# Cycling from Torrequrbrada to Marbella - pitstops required



## Kenwhite77 (Aug 30, 2012)

Hi everyone,

Tomorrow I am cycling from Torrequrbrada to Marbella and will of course visit Puerto Banus.

I will be cycling down on the A-7 and wondered if anyone can recommend any places to stop enroute as I will require a few pit stops.

All suggestions welcome as I have lots of time to kill. 

I have decided to use pedal power for some long rides as I am getting fed up of using the car.

I also plan to cycle into Malaga and head east along the coast. Again please feel free to chuck in some suggestions for places worth visiting.

I generally cycle upto 100km to 120km to give you an idea. I cycled 70 miles today and now feel climatised to the heat.

Thanks

Ken


----------



## Stravinsky (Aug 12, 2007)

I've only been doing 30 mile rides this year so far because of the heat, longest was 50.
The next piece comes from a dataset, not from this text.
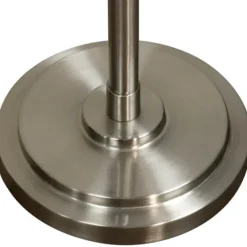 Kirkland's Home Brushed Steel Adjustable Swing Arm Floor Lamp- Floor Lamps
Good luck with that. On LEJOG last year we found 70 miles was about it when doing daily, but then again it was pouring with rain not hot!


----------



## jimenato (Nov 21, 2009)

Are you familiar with the stretch of road from Fuengirola to Marbella? I don't want to put you off at all but all but it is known as The Highway of Death. 
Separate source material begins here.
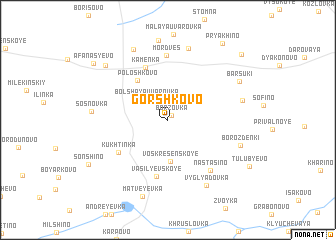 map of Gorshkovo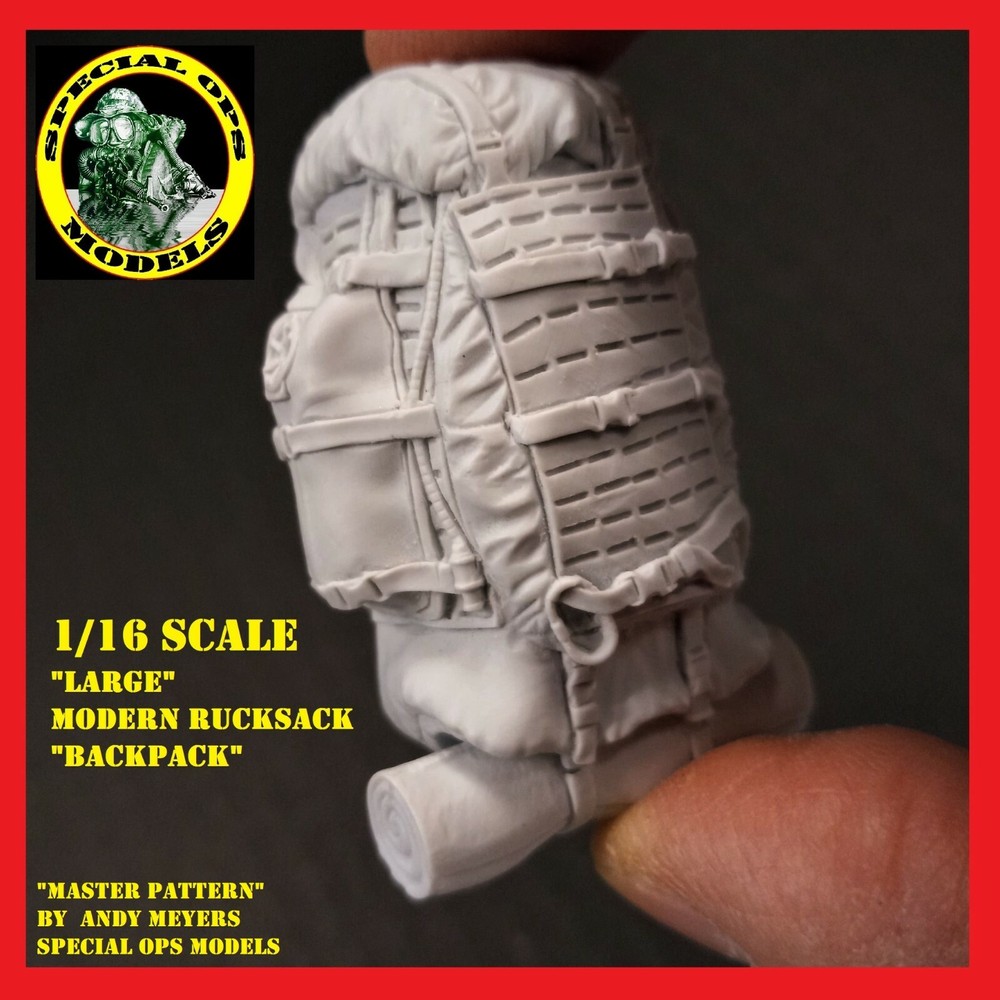 1/16 scale Modern Molle Rucksacks (BACKPACKS) "LARGE" Assault Backpack style #C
I could jokingly say the the CDS hospital is halfway along your route and you might want a pitstop there - but that would be in poor taste. 

Be careful and enjoy your ride.


----------



## Kenwhite77 (Aug 30, 2012)

jimenato said:


> Are you familiar with the stretch of road from Fuengirola to Marbella? I don't want to put you off at all but all but it is known as The Highway of Death.
> 
> I could jokingly say the the CDS hospital is halfway along your route and you might want a pitstop there - but that would be in poor taste.
> 
> Be careful and enjoy your ride.


Well I will make sure I wear my bright colours, you will have to be blind not to see me.
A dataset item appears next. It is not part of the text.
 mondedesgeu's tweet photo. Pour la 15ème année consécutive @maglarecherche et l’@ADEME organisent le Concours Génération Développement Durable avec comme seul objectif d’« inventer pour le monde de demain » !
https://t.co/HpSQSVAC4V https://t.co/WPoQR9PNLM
I have driven along it and seen lots of cyclists.

I will either report back in good health tomorrow or in my hospital bed. Lol


----------



## jojo (Sep 20, 2007)

Hi Ken, well you'll cycle passed Iceland supermarket and the shopping centre there. So you coulld stop there for a break!!?? Then further up the road at Mijas costa there is "Club la Costa" (a timeshare resort), with several bars.... then theres "La Cala" and after that, I dont know lol!!

Jo xxx


----------



## Twain (May 24, 2009)

Cycling on the A7?
I've never seen one and I'm very glad I didn't meet one.
Going at 120km/h with two full lanes with little space to move, and then meeting a cyclist...

Is it allowed at all?

And no, even with a christmastree blinking on your head you're not that easy to see in the traffic in the right light conditions... MC's often beeing run into because of that and they are faster then you.

Well, good luck!
I would've taken the N-340 instead.


----------



## Kenwhite77 (Aug 30, 2012)

Twain said:


> Cycling on the A7?
> I've never seen one and I'm very glad I didn't meet one.
> Going at 120km/h with two full lanes with little space to move, and then meeting a cyclist...
> 
> ...


Twain, 

From what I can see it is the N-340 but resigned the A7 when you head out of Fuengirola.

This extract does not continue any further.